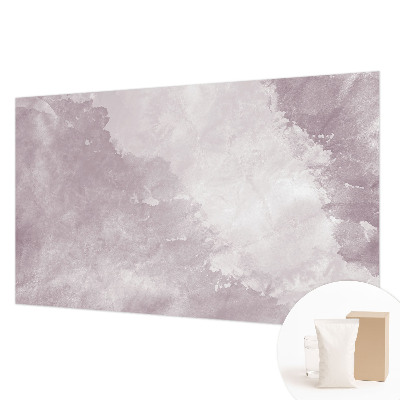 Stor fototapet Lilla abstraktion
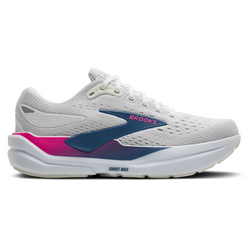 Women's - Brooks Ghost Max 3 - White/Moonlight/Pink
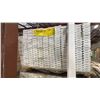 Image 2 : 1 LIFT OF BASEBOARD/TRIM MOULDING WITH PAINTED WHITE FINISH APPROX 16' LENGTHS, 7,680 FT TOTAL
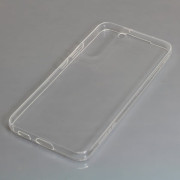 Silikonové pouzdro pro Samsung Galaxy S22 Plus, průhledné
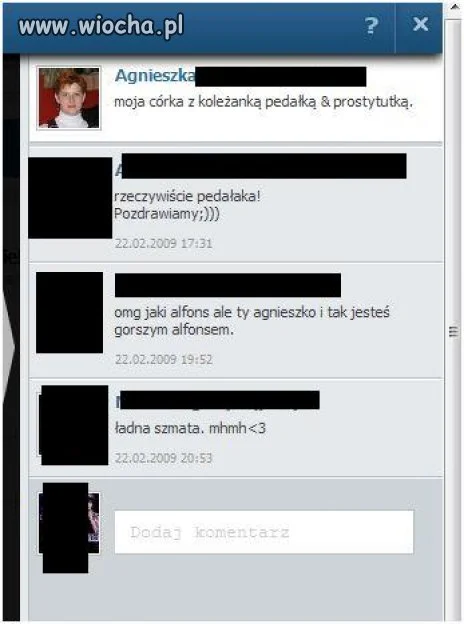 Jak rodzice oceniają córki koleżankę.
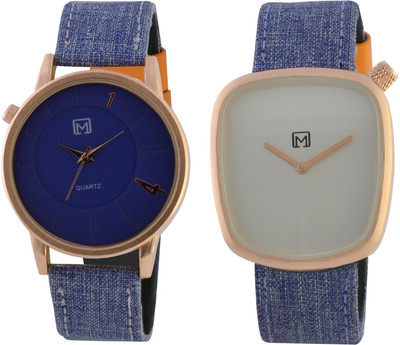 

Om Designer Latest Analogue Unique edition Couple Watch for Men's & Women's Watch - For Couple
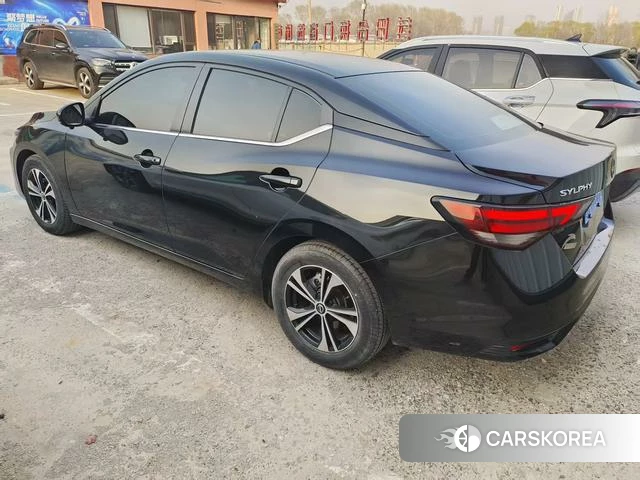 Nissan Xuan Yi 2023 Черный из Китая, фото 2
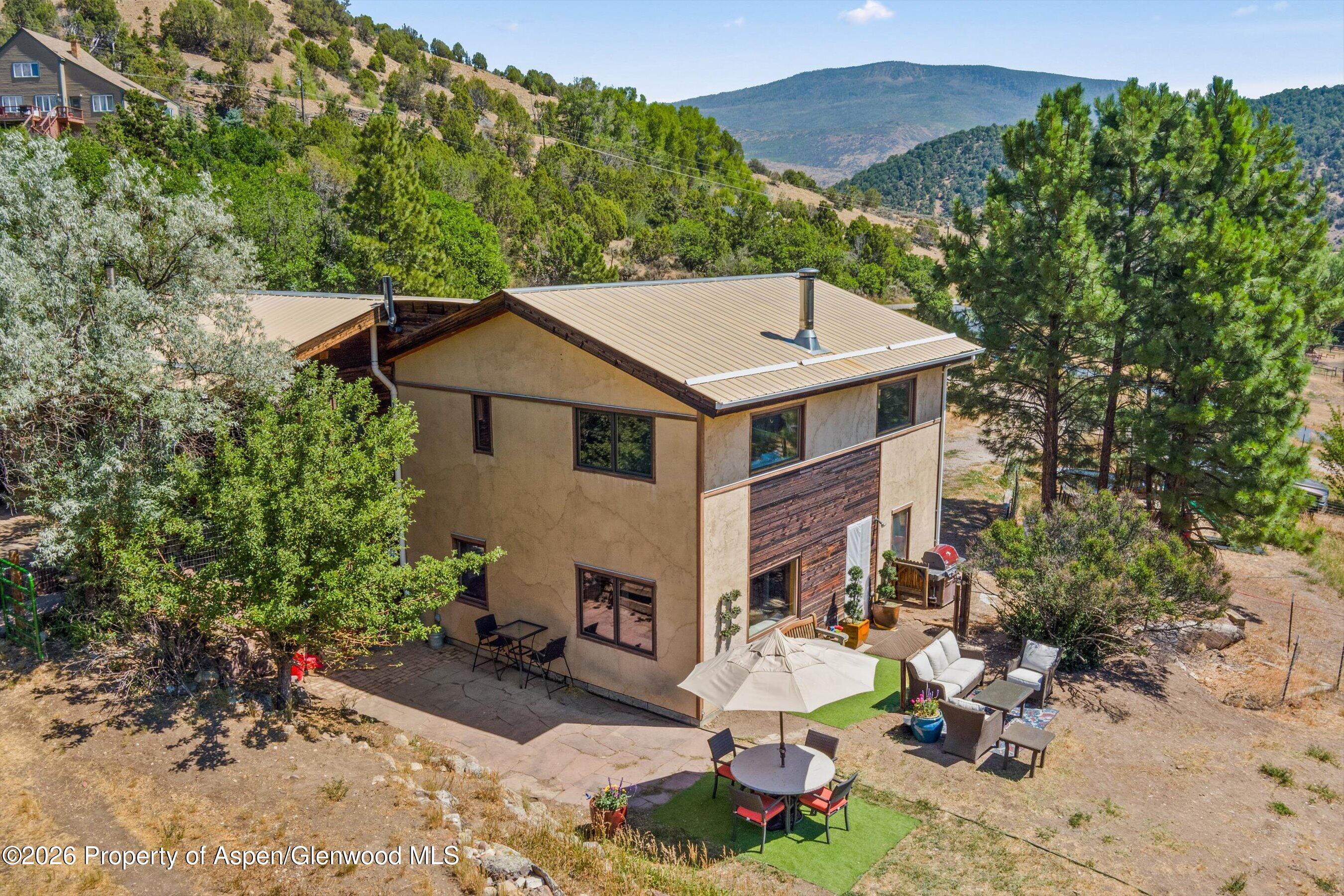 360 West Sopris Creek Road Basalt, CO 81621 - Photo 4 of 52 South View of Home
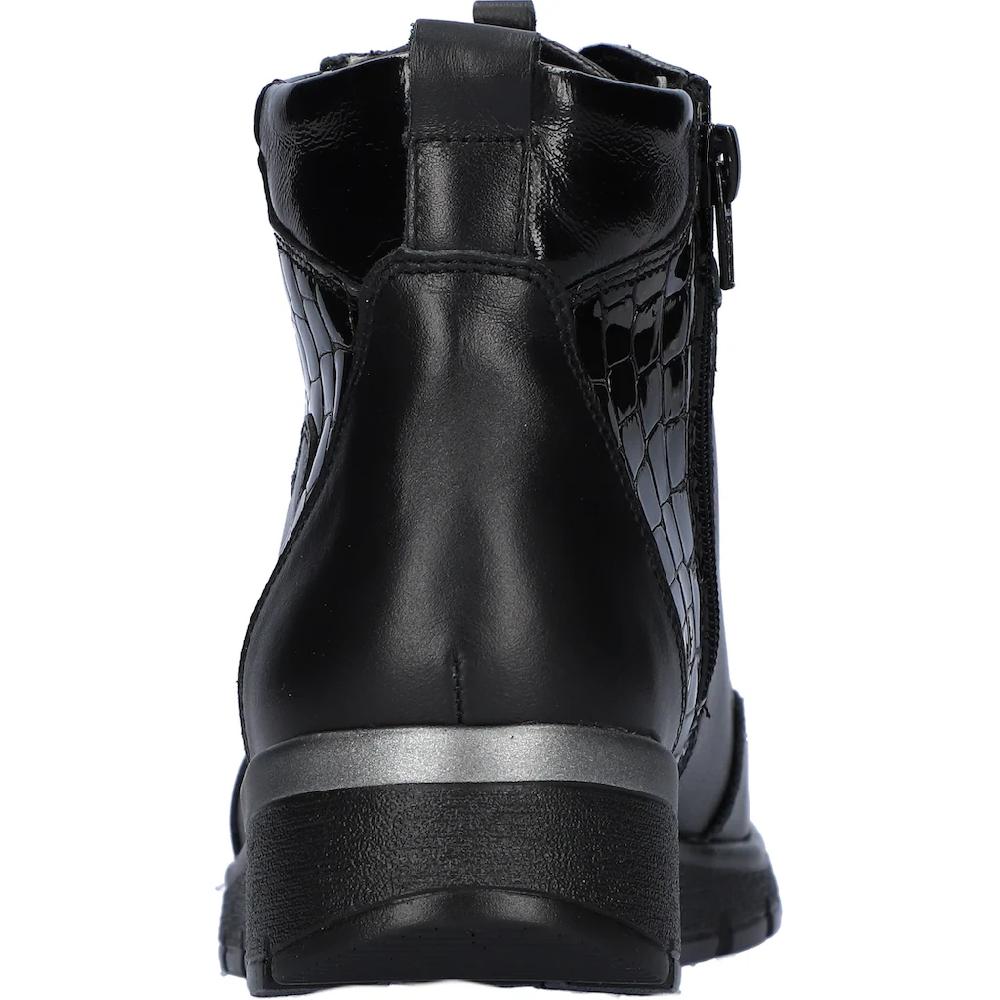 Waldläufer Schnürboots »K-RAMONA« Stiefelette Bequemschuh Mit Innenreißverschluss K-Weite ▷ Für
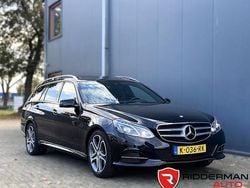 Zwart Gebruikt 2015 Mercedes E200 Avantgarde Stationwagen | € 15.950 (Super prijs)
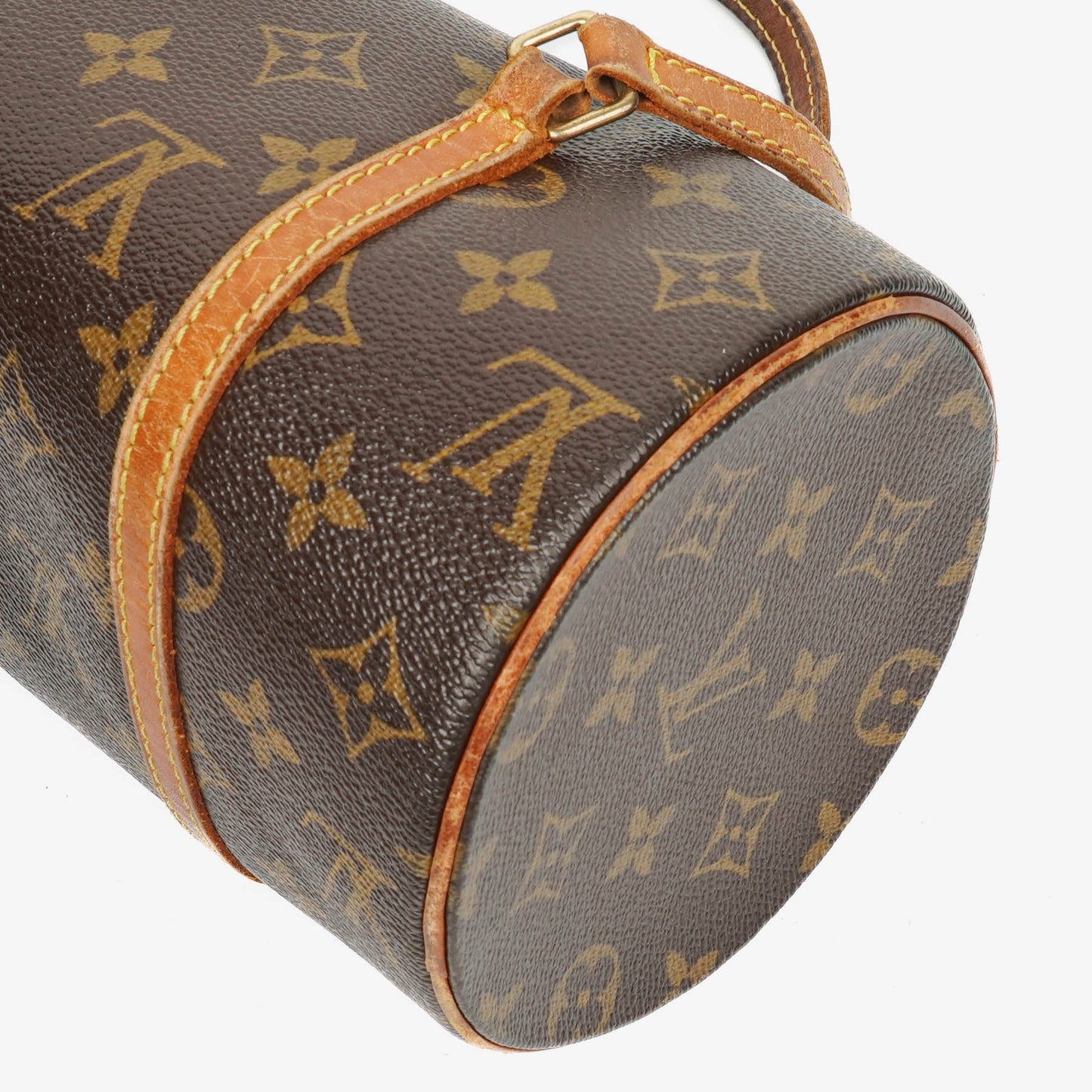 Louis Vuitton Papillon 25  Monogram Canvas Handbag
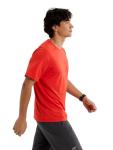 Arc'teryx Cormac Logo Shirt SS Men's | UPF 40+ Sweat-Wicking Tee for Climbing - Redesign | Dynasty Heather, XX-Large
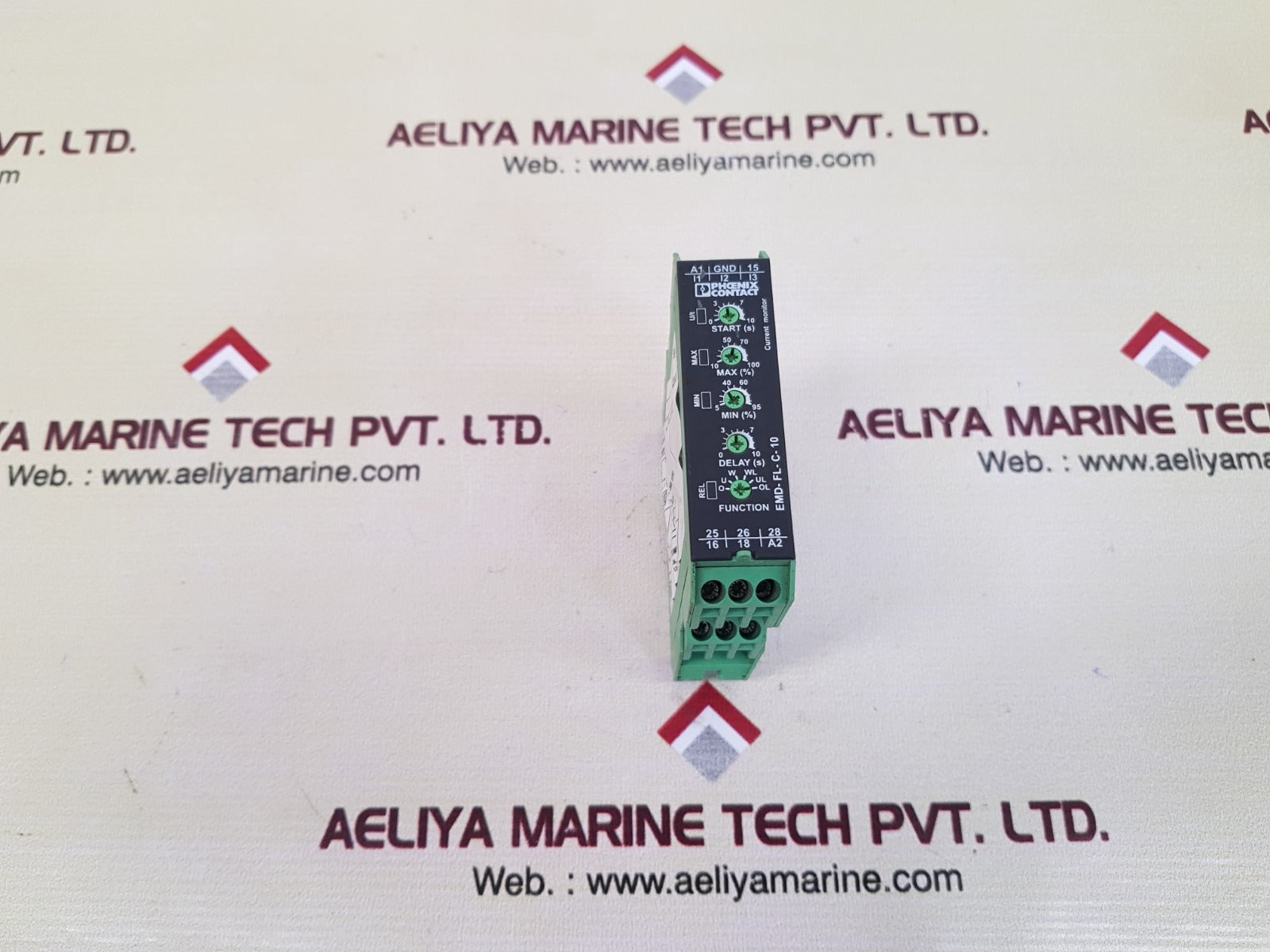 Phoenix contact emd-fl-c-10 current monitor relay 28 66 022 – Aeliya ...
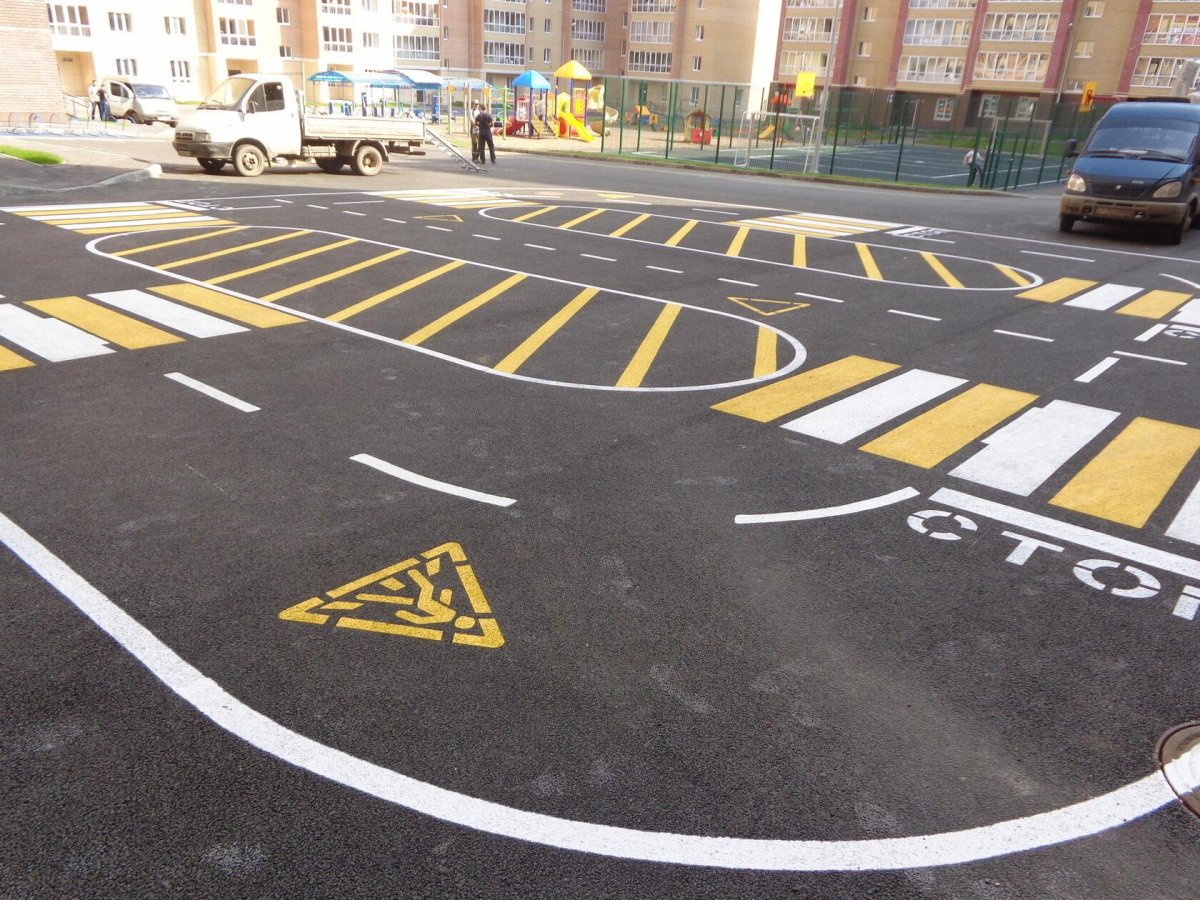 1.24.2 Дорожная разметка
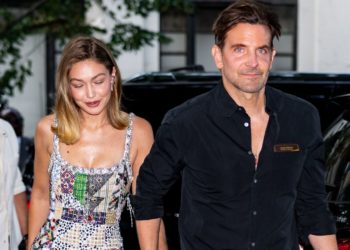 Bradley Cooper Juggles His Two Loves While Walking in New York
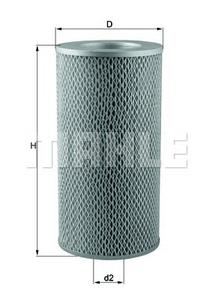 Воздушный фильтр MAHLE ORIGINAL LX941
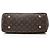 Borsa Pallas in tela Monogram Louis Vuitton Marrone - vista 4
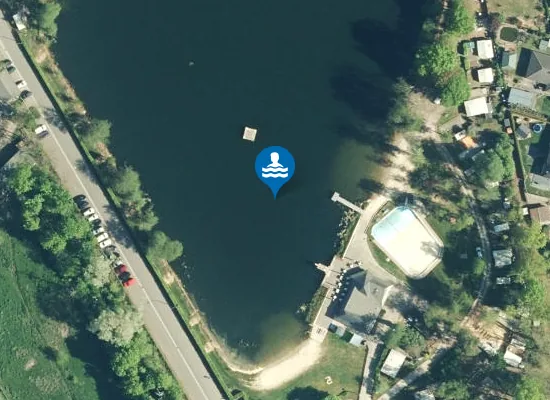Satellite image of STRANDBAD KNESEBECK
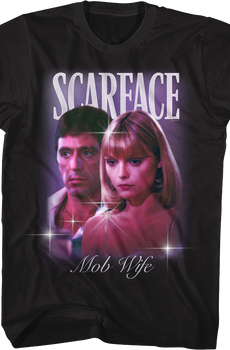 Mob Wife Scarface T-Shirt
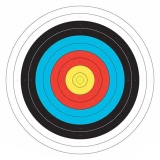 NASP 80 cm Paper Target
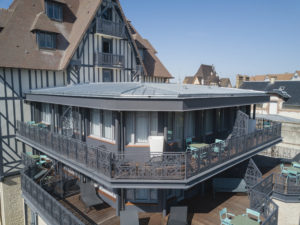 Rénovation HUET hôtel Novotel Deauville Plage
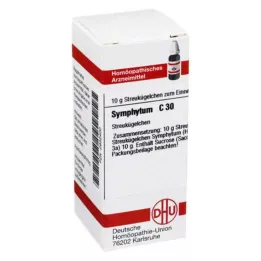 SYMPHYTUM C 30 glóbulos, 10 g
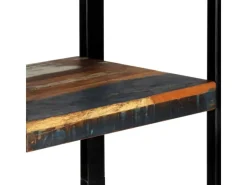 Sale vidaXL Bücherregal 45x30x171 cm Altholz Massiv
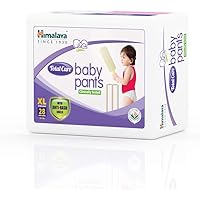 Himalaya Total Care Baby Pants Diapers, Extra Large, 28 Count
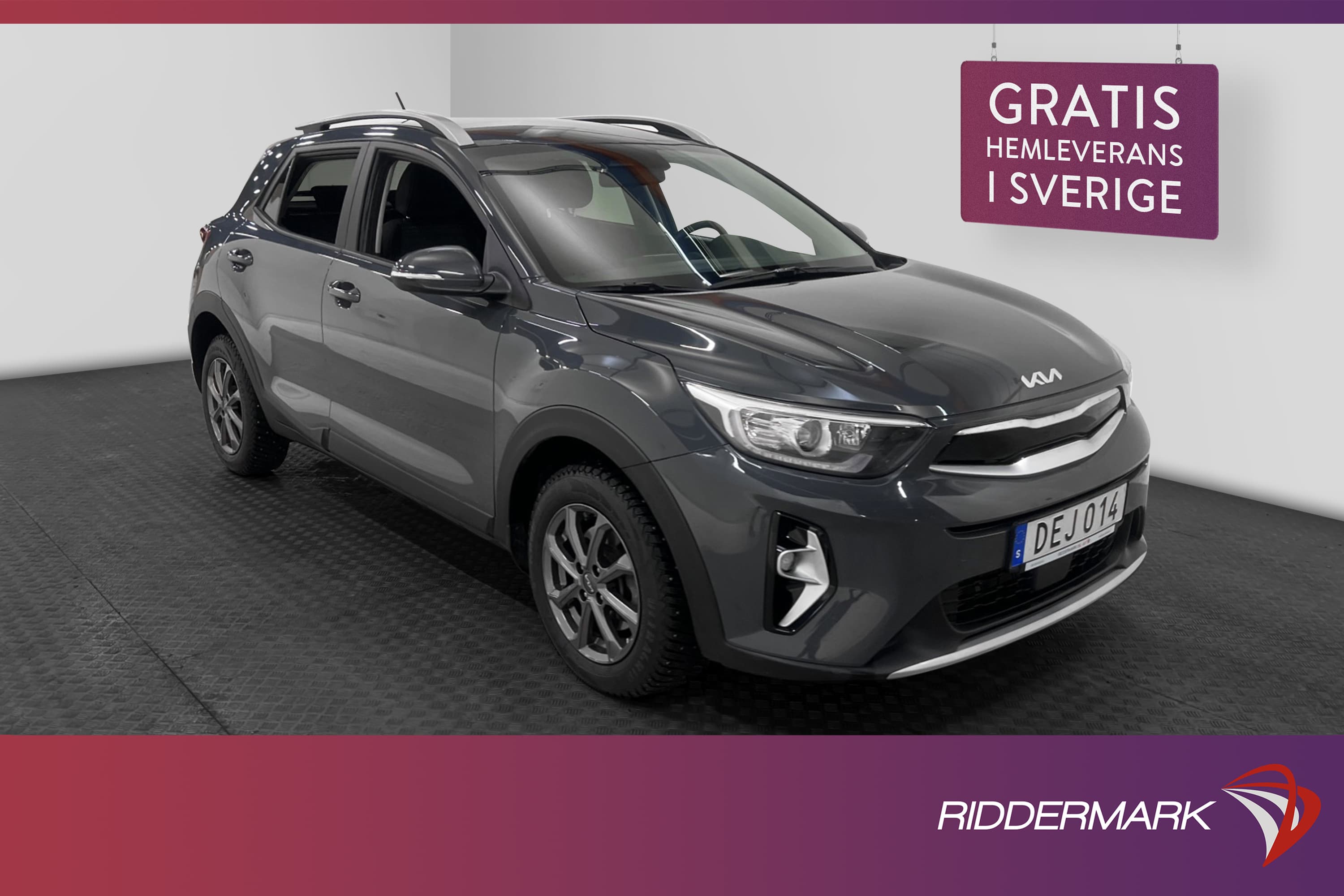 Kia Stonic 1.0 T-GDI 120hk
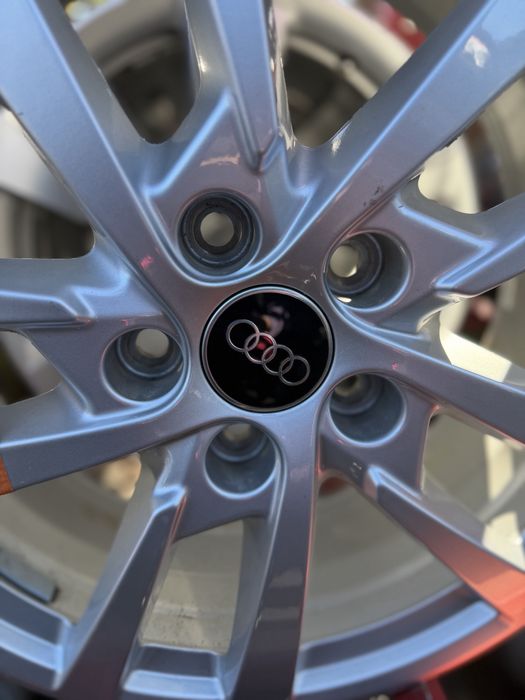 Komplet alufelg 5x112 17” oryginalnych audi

++++++

**Task details**.
Write out the material above once more, exactly as it reads, with no pictures.

**Output for this task**.
 Stor fototapet Lilla abstraktion
 Women's - Brooks Ghost Max 3 - White/Moonlight/Pink
 Image 2 : 1 LIFT OF BASEBOARD/TRIM MOULDING WITH PAINTED WHITE FINISH APPROX 16' LENGTHS, 7,680 FT TOTAL
 Silikonové pouzdro pro Samsung Galaxy S22 Plus, průhledné
 Jak rodzice oceniają córki koleżankę.

Om Designer Latest Analogue Unique edition Couple Watch for Men's & Women's Watch - For Couple
 Nissan Xuan Yi 2023 Черный из Китая, фото 2
 360 West Sopris Creek Road Basalt, CO 81621 - Photo 4 of 52 South View of Home
 Waldläufer Schnürboots »K-RAMONA« Stiefelette Bequemschuh Mit Innenreißverschluss K-Weite ▷ Für
 Zwart Gebruikt 2015 Mercedes E200 Avantgarde Stationwagen | € 15.950 (Super prijs)
 Louis Vuitton Papillon 25  Monogram Canvas Handbag
 Arc'teryx Cormac Logo Shirt SS Men's | UPF 40+ Sweat-Wicking Tee for Climbing - Redesign | Dynasty Heather, XX-Large
 Phoenix contact emd-fl-c-10 current monitor relay 28 66 022 – Aeliya ...
 1.24.2 Дорожная разметка
 Bradley Cooper Juggles His Two Loves While Walking in New York
 Воздушный фильтр MAHLE ORIGINAL LX941
 Borsa Pallas in tela Monogram Louis Vuitton Marrone - vista 4
Satellite image of STRANDBAD KNESEBECK
 Mob Wife Scarface T-Shirt
 NASP 80 cm Paper Target
 Rénovation HUET hôtel Novotel Deauville Plage
 SYMPHYTUM C 30 glóbulos, 10 g
 Sale vidaXL Bücherregal 45x30x171 cm Altholz Massiv
 Himalaya Total Care Baby Pants Diapers, Extra Large, 28 Count
 Kia Stonic 1.0 T-GDI 120hk
 Komplet alufelg 5x112 17” oryginalnych audi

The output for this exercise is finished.